[Work required]
Every line of the data below should be retyped exactly, with no images carried over.

[Data extract]
***

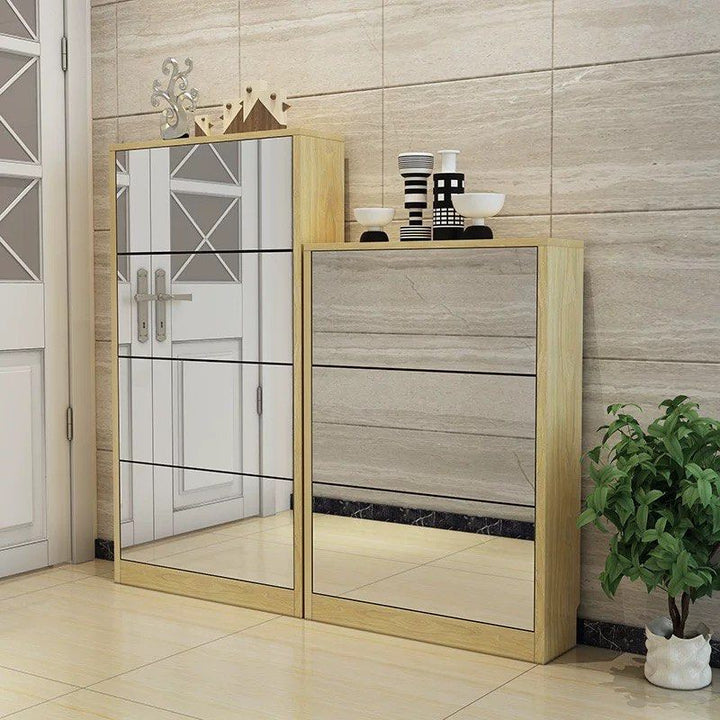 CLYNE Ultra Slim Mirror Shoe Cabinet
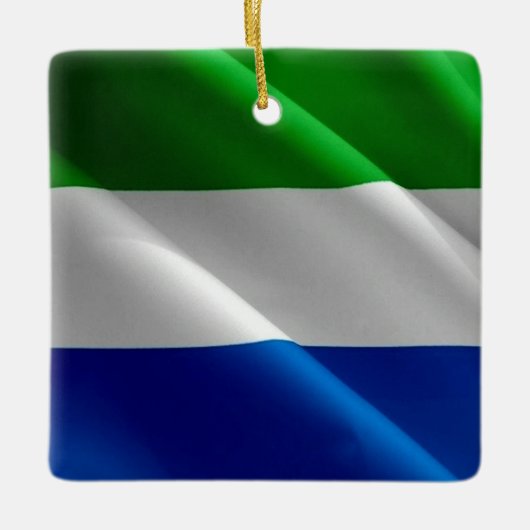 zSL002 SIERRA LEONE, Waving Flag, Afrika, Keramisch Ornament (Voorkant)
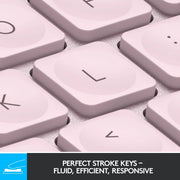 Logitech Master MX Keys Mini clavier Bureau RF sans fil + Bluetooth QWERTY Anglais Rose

***

[Task response]
 CLYNE Ultra Slim Mirror Shoe Cabinet
 zSL002 SIERRA LEONE, Waving Flag, Afrika, Keramisch Ornament (Voorkant)
 Logitech Master MX Keys Mini clavier Bureau RF sans fil + Bluetooth QWERTY Anglais Rose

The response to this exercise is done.